The leaders of member states of the Association of Southeast Asian Nations have responded calmly to the Japanese prime minister's explanation about the safety of treated and diluted water being released from the Fukushima Daiichi nuclear plant into the sea.
Prime Minister Kishida Fumio made the explanation to the leaders and those from China and South Korea at the ASEAN Plus Three Summit in Jakarta on Wednesday.
China's state-run news agency Xinhua reported that Premier Li Qiang in response asked Japan to handle the matter responsibly.
Indonesia's Trade Minister Zulkifli Hasan told reporters that Japan guarantees the safety of the water, so he sees no problem.
A Thai foreign ministry official told NHK that Japan provided a clear explanation based on internationally recognized scientific standards.

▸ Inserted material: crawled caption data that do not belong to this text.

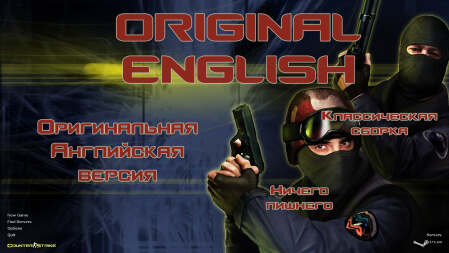 Counter-Strike 1.6 Original English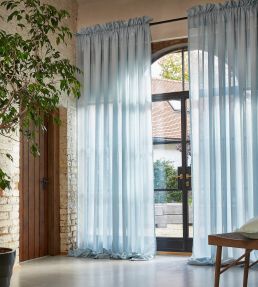Tranquil Fabric by Prestigious Textiles Apple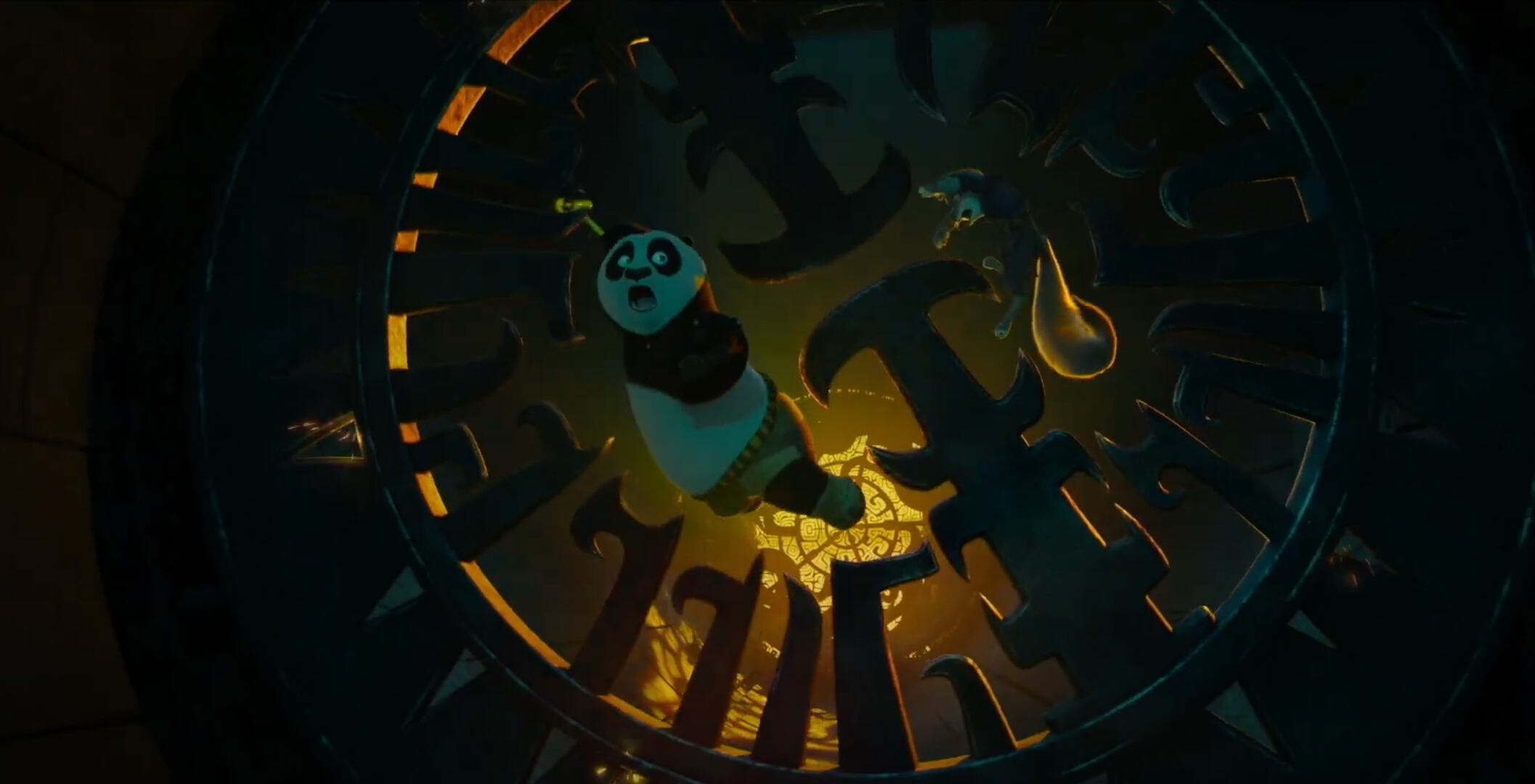 El nuevo tráiler de Kung Fu Panda 4 se estrena plagado de referencias a Dune 2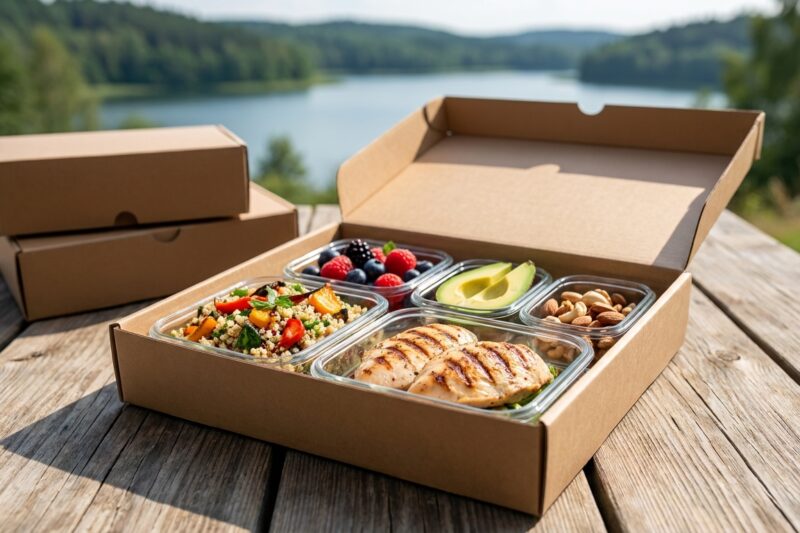 Najlepszy catering dla sportowców Olsztyn 2026 – Ranking diet pudełkowych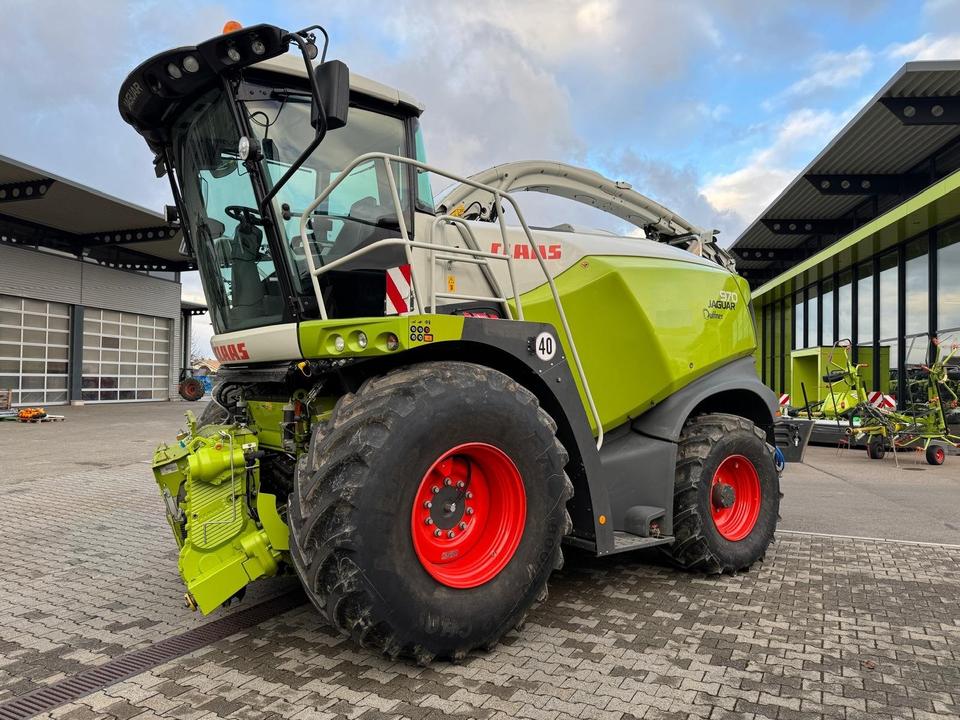 CLAAS Feldhäcksler Maishäcksler Jaguar 970 v-Flex 36 Trommel in Hohentengen
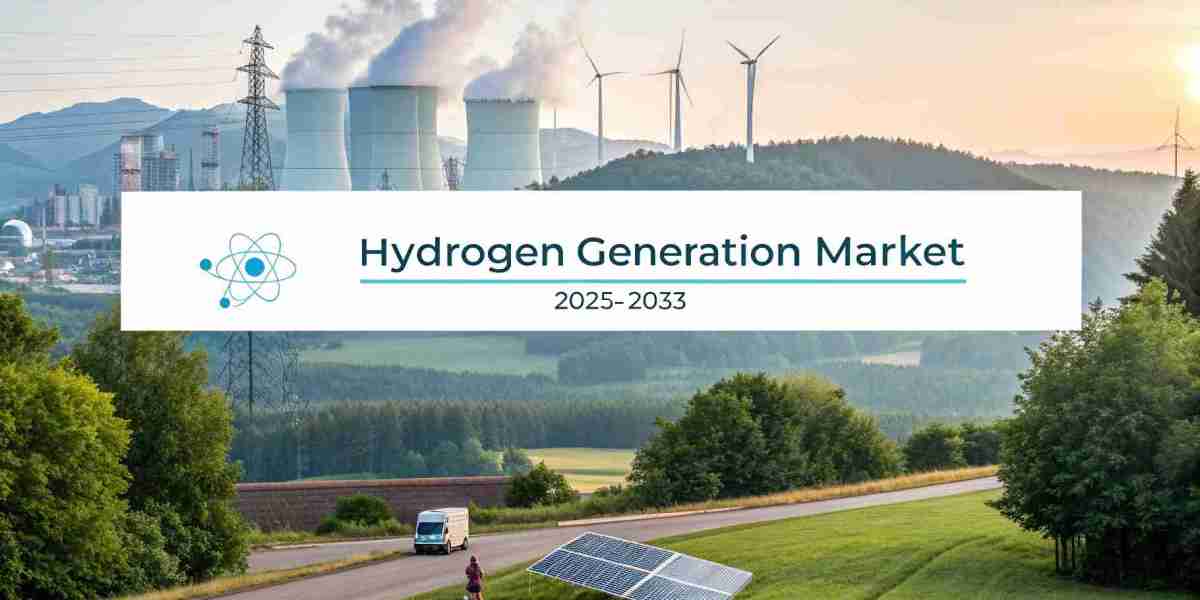 Hydrogen Generation Market Trends, Growth, and Forecast 2025-2033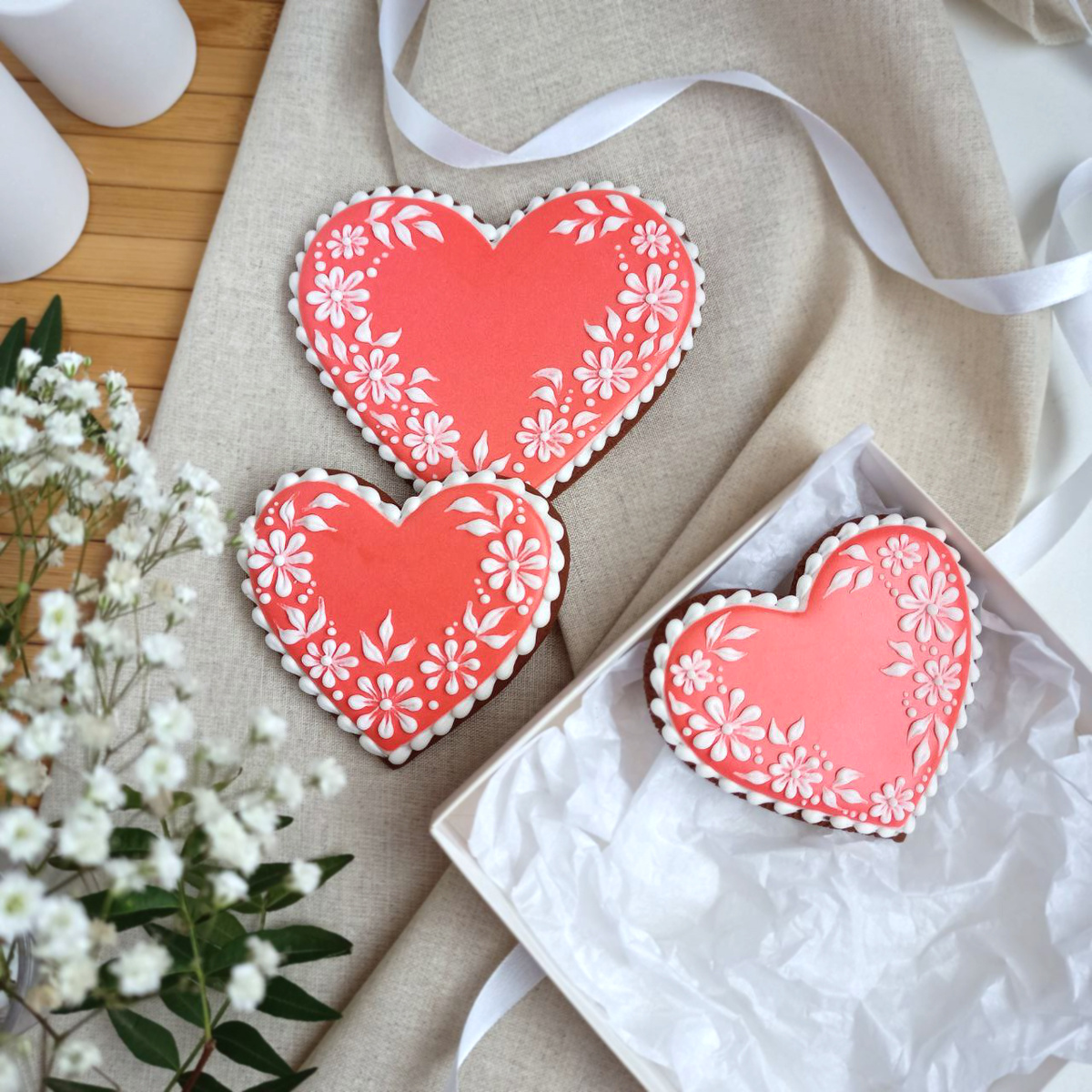 Подарочные пряники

Kishida also explained the safety of the water at his separate meeting with Malaysian Prime Minister Anwar Ibrahim on Wednesday.
Japanese government officials said Anwar expressed understanding of Japan's position.
The Fukushima Daiichi nuclear power plant suffered a triple meltdown in the 2011 earthquake and tsunami. Water used to cool molten fuel at the plant has been mixing with rain and groundwater.
The accumulated water is treated to remove most radioactive substances, but still contains tritium. Before releasing the treated water into the sea, the plant's operator dilutes it to reduce tritium levels to about one-seventh of the World Health Organization's guidelines for drinking water.